In Brasile, Jair Bolsonaro è diventato presidente uscendo vittorioso dalle urne con il 55,13% dei voti contro il 44,87% dell’avversario, Fernando Haddad, candidato del Partito dei Lavoratori. E se manterrà le promesse elettorali non arriverà nulla di buono per ambiente e diritti.
Svolta a destra in Brasile, con Jair Bolsonaro, 63 anni, ex capitano dell’esercito, che sarà presidente per i prossimi 4 anni, a partire dal 1° gennaio.
Dalle urne esce un paese profondamente spaccato. Nel Sud bianco e ricco, il voto a Bolsonaro è stato una valanga, mentre a Nord e Nordest, le regioni più povere del Paese, Haddad ha prevalso. Bolsonaro ha promesso tagli alla macchina statale e ai ministeri, ma per avere la maggioranza al Congresso dovrà concedere molto a decine di partiti e lobby di interesse.
E se manterrà le promesse elettorali, potrebbero essere
anni bui per l’ambiente e i diritti.
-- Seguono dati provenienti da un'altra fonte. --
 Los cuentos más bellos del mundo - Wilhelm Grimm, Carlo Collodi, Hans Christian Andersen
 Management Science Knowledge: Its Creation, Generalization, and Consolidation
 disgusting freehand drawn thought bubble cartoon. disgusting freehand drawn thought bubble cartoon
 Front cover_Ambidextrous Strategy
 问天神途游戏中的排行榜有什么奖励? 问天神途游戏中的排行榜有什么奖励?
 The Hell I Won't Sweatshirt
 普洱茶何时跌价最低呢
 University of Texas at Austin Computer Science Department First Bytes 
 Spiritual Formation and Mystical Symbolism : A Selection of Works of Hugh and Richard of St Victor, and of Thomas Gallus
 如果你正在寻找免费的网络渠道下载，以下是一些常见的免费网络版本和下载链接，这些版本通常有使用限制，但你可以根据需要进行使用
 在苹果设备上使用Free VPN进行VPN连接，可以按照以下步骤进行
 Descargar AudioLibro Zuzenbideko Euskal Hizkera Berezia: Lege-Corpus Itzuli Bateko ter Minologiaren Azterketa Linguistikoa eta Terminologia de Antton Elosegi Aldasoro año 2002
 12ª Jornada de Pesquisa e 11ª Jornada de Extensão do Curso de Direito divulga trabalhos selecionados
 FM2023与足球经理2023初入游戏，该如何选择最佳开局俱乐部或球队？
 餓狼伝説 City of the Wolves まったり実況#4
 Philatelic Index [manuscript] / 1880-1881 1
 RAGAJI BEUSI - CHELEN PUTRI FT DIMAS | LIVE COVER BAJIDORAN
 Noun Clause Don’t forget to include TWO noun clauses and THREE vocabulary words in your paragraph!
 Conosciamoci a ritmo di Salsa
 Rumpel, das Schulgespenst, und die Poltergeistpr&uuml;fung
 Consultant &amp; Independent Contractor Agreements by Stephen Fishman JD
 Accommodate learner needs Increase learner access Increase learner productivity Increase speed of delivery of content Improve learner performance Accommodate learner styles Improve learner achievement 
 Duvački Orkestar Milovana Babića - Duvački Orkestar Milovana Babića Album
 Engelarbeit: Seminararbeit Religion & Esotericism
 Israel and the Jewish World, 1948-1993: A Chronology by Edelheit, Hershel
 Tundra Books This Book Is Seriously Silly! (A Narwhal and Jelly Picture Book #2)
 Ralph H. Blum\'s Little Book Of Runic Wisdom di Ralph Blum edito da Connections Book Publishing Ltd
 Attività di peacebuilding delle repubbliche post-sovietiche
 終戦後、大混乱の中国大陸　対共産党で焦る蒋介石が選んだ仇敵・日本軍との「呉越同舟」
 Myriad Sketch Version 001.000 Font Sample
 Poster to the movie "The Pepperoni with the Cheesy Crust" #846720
Bolsonaro è per
dire basta con la protezione degli indios, per eliminare gli ostacoli all’agricoltura in Amazzonia ed era per tirar fuori il Brasile dagli accordi internazionali sul clima,
anche se sembrerebbe aver fatto marcia indietro su questo.
Stando a quanto riferito a Reuters da
Nabhan Garcia, leader conservatore che potrebbe essere nominato ministro dell’agricoltura, l’idea è quella di
tagliare le multe ambientali. Ciò significa che gli agricoltori brasiliani che violeranno le leggi ambientali in aree sensibili come la Foresta Amazzonica, dovranno affrontare meno multe per le loro infrazioni.
Il Brasile ospita circa il 60% della Foresta Amazzonica, probabilmente la migliore difesa della natura contro il riscaldamento globale, con gli alberi che assorbono anidride carbonica. La sua distruzione è causata principalmente da allevamenti illegali, disboscamento e agricoltura. Al momento l’Agenzia di protezione ambientale brasiliana, la Ibama, può multare coloro che infrangono le leggi ambientali (benché sia assai difficile controllare territorio così vasti!), ma ora si tema che aumenti vertiginosamente la deforestazione.
Bolsonaro si è anche espresso contro tutte le forme di «attivismo» in Brasile, alle quali vorrebbe porre fine; volendo dire cioè ambiente, minoranze, orientamenti sessuali, lotte per la terra.
Chissà che destino attenderà gli storici movimenti brasiliani che si battono per aprirei grandi latifondi incolti ai contadini «sem terra» e per la protezione alle comunità indigene; le parole di Bolsonaro suonano bellicose («Finirla con tutta quella roba lì»). Sono forti i timori di regolamenti privati di conti nei campi e nelle foreste, dove gli squadroni della morte già esistono e l’impunità per chi fa fuori attivisti è già altissima. I movimenti dei senza terra sono considerati da Bolsonaro “eserciti clandestini comunisti, al servizio del Pt di Lula”.
E «nemmeno un centimetro quadrato in più agli indios», è un’altra delle promesse di Bolsonaro, il quale sostiene che le riserve siano già troppo ampie in Brasile.